Na und, werden viele sagen – warum soll es denn wichtig sein, sich für „Deutschland“ zu interessieren? Indessen, wir interessieren uns schon für uns selbst als Deutsche, unbewusst oder stillschweigend. Das eben gezeichnete Bild ist oberflächlich. Wenn die Deutschen ökonomistisch wurden und es immer noch sind, hat das einen angebbaren historischen Grund. In der westdeutschen Bundesrepublik fing es an. Der erste Schritt war das „Wirtschaftswunder“. Er war die deutsche Flucht aus der Verantwortung fürs Dritte Reich. Oft ist über die Westdeutschen der Nachkriegsgeneration gesagt worden, sie hätten jeglicher Ideologie abgeschworen. Darin liegt auch, dass sie nicht mehr deutsch sein wollten. Natürlich kam dies Motiv nicht klar zum Bewusstsein. Aber es war da. Es zeigte sich jahrzehntelang im Desinteresse breiter Schichten an der Wiedervereinigung. Es nahm die Gestalt des Wunsches an, in Europa aufzugehen.

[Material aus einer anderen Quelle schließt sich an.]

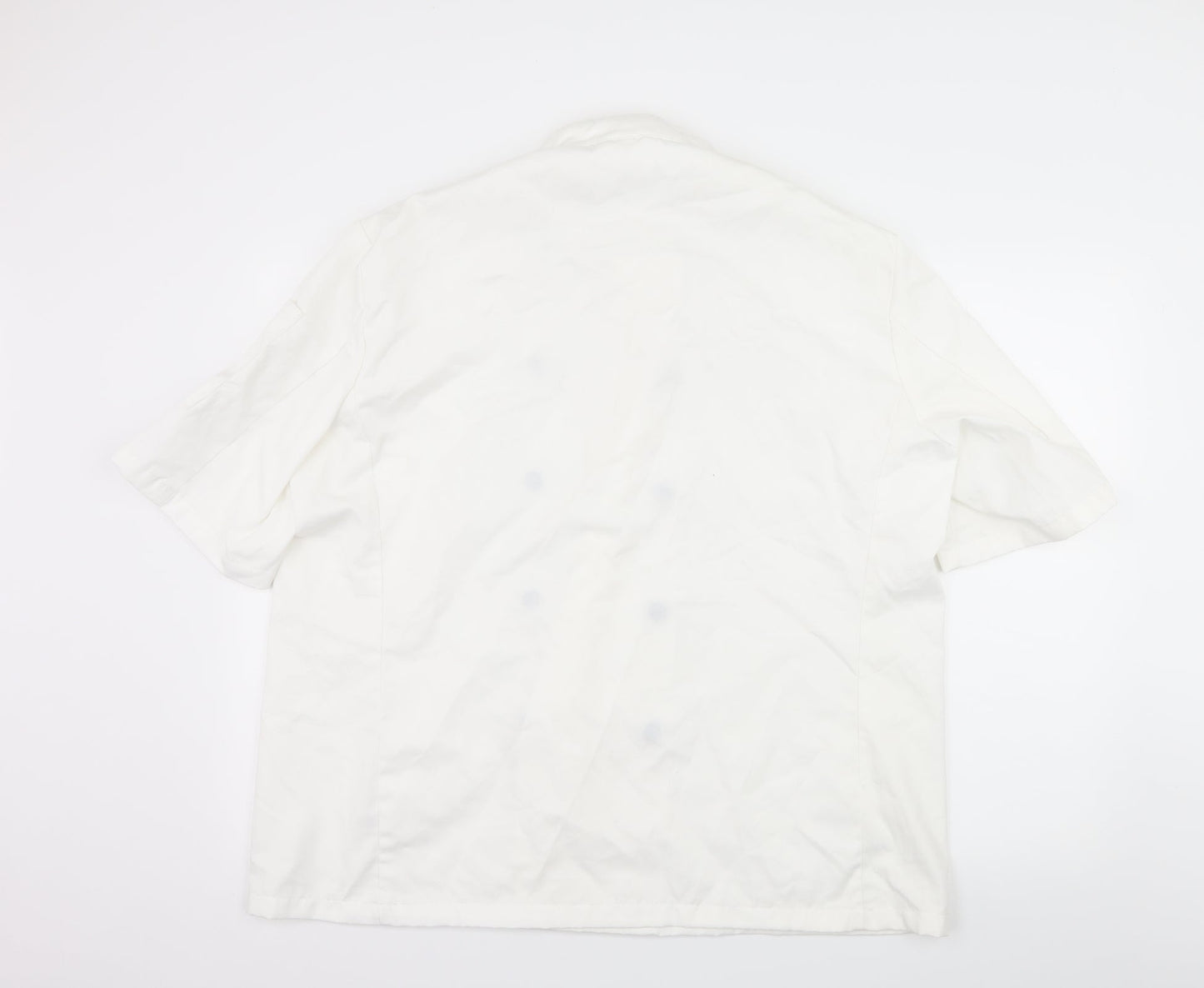 Mens UK Size L Denny's London White  Button-Up Short Sleeve Casual Shirt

Auch die anderen westeuropäischen Nationen bewegten sich auf das zu, was später die Europäische Union hieß. Doch wäre kein Franzose oder Italiener, vom Engländer ganz zu schweigen, auf die Idee gekommen, es als eine Bewegung weg vom Französisch-, Italienisch- oder Englischsein aufzufassen.
Selbstverleugnung
Die Selbstverleugnung der Deutschen war indes zweideutig. Dass sie von der eigenen Nation keinen Begriff mehr hatten, hinderte sie ja nicht, in Europa eine hegemoniale Rolle zu spielen. Ökonomisch gesehen jedenfalls, da sie eben Ökonomisten geworden waren. Der Soziologe Marcus Hawel hat es hervorgehoben: Im Grunde spielten und spielen sie in Europa dieselbe Rolle, die Preußen im zweiten Reich und vorher im Norddeutschen Bund gespielt hat. Darin liegt, dass es eben doch eine fortwirkende deutsche Identität gibt; gewisse Strukturen der deutschen Geschichte schlagen immer noch durch. Europa ist der Mantel, unter dem sich der spezifisch deutsche Nationalismus versteckt. Die deutsche Geschichte ist schon im Ursprung europäische Hegemonialgeschichte gewesen. Der Ursprung liegt darin, dass sich im ersten Reich der Kaiser deutscher Nation als römischer Kaiser auffasste. Noch im Dritten Reich war das nicht vergessen. Wenn heute im Zeitalter der Demokratie deutsche Politiker von Europa, von den Vereinigten Staaten von Europa schwärmen und sie herbeireden wollen, ist Vorsicht geboten.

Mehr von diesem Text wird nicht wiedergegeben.